Updated: Jul 19, 2019
My personal goal has been to breastfeed each of my babies until they turned two-years-old. Why two, you may be wondering? Well, Kelly Bonyata, BS, IBCLC, sums up beautifully the health, mental and physical benefits of breastfeeding beyond one year in this KellyMom.com article:
Honestly, though, the real motivator to continue breastfeeding beyond the standard recommendation is simply this: WE LOVE IT! The sweet cuddles, the soft caresses, the cute noises they make while nursing, the wiggly butt reaching up in the air as they become more mobile and confidant with movement. I love the extended eye contact and the unspoken words of mutual adoration. Breastfeeding a toddler has been, in most cases, the most beautiful, tender and precious experiences of my life. These are intimate moments shared between a mother and child. There is nothing else like it, in my opinion.
As with anything in life, however, even the most wonderful experiences come with challenges. I nursed my firstborn until he was 18-months. I had intended to continue, but he became so physically wild during his nursing sessions. It became like nursing a baby bucking bronco. On the day I called it quits, we were having our afternoon nursing session in our favorite cozy chair. Things started out okay, but a few minutes in he pulled off my breast, reared up like a wild-man and head butted me right in the nose! Immediately, blood was gushing from my nose and I felt it crooked on my face. I'm pretty sure I yelled some profanity in response to the pain and frustration. "That's it!" "We're done!" I said. I realize it was an accident but I never nursed him again after that.
Less than two months later, I found out I was pregnant with his baby brother. The natural birth control from breastfeeding was real for me, evidently. My second born has been my angelic child. Seriously, he was the most mellow baby in spite of his chaotic and stressful arrival via emergency c-section. This little guy latched on perfectly from the get-go. He slept through the night by 8-weeks old and never gave me any trouble nursing or with sleep.
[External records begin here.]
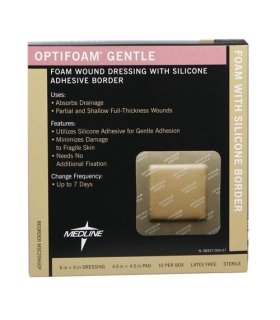 Medline Optifoam Gentle Foam Dressings with Silicone Adhesive Border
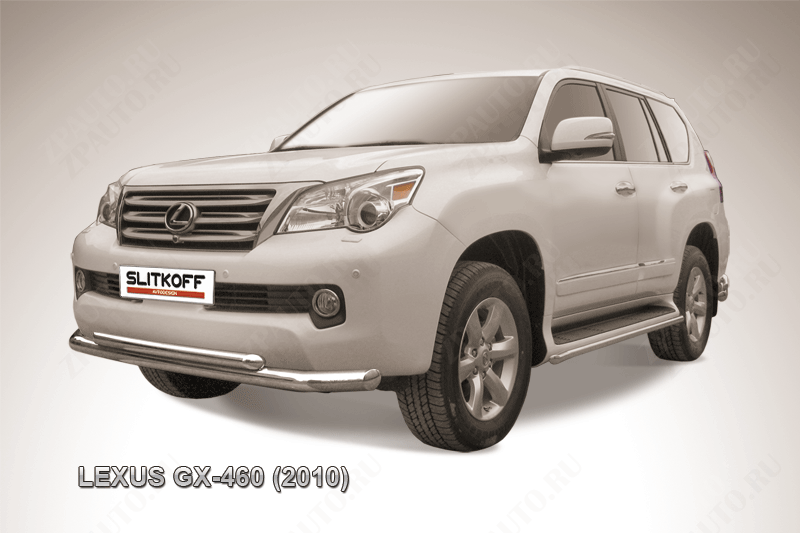 Защита переднего бампера d76+d57 двойная Lexus GX-460 (2009-2013) Black Edition, Slitkoff, арт. LGX007BE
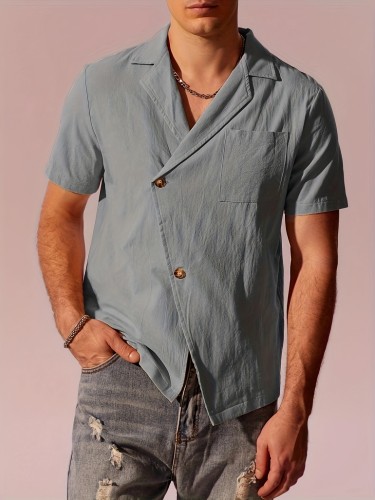 Men's Casual Beige Short Sleeve Shirt, 100% Cotton Breathable Top With Unique Design, Classic Versatile, Simple Fashion, Street Style For Spring Summer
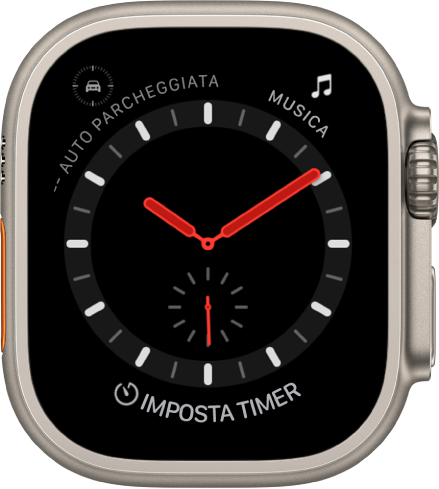 Il quadrante Esplorazione è un orologio analogico. Mostra tre complicazioni: in alto a sinistra, il waypoint con la posizione dell’auto parcheggiata, Musica, in alto a destra, e Timer, in basso.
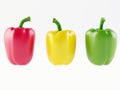 Set Of Three Peppers. Yellow, Red And Green Pepper.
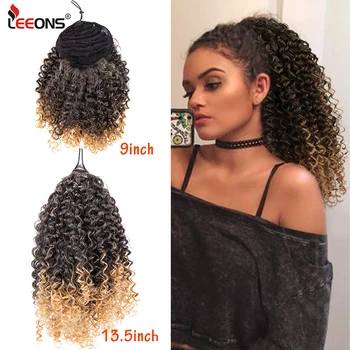 

Leeons New 5 Colors Long Afro Kinky Curly Ponytail Extension Synthetic Drawstring Corn Wavy Hair Piece For Women Natural Black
He was an incredibly affectionate baby with such a sweet nature and would laugh and giggle at pretty much anything his big brother did. If there is any such thing as an easy baby, he is the poster child. I nursed him successfully until his second birthday.
I remember making the decision to wrap-up breastfeeding with him and I can still visualize that final nursing session on the afternoon he turned two. I was rocking him in his favorite chair, staring into his gorgeous blue-green eyes. He used to take my long hair and twirl it around in his fingers while he nursed. I cried that final session and thanked the Lord for that special time we had together. I thought we would both go through a period of grief after our nursing life together was over, but surprisingly, it was okay. We both moved on without looking back. It was the right choice and the right time for both of us.
As I write this, I am currently still nursing my daughter, who turned two this past January. I don't have any plans to wean yet, but at 27-months, she still loves her "milk" and receives it at home pretty much whenever she wants. Typically, she'll nurse before she goes to bed at night; around six in the morning; and again before nap-time plus any time she bumps her head or puts something suspicious in her mouth. Breastmilk is the perfect antidote to germs. I swear it's kept her from becoming ill numerous times. This is one compelling reason I continue to nurse her. She is a very curious, strong-willed, highly independent little human and she gets herself into trouble more often than I'd like, even with diligent supervision. When my older kids brought home the stomach flu last year, she did catch it. She refused everything except the breast. Breastfeeding not only helped her fight the virus, it also kept her from becoming dehydrated and us taking a trip to the E.R. When she's been at a playgroup where the toys are questionably clean and other kids have runny noses, I put her to the breast after. When I catch her letting the dog give her a kiss, I put her to the breast. Just one teaspoon of breastmilk can have 3-million bacteria killing cells!! I can't think of anything more protective for a curious toddler than that.
One of the more annoying things about nursing a toddler is when every person in your family and social circle begin to ask you when you are going to stop nursing. I've heard some cute answers to this question, such as, "when I drop him off at the dorm." or "in about 5-minutes." I usually just say, "I'm not sure. Whenever we are ready." Because, in reality the decision to wean is a very personal one between a mother and her child. Breastfeeding a toddler is perfectly NORMAL. The average age of weaning around the world is 5 years. Gasp! Yes, nursing beyond the first year is not taboo in most parts of the world. I don't know why it's such a big deal here in the States, but I would love for us to become a country where it's quite common to see mothers out and about confidently nursing their toddlers. Who's with me?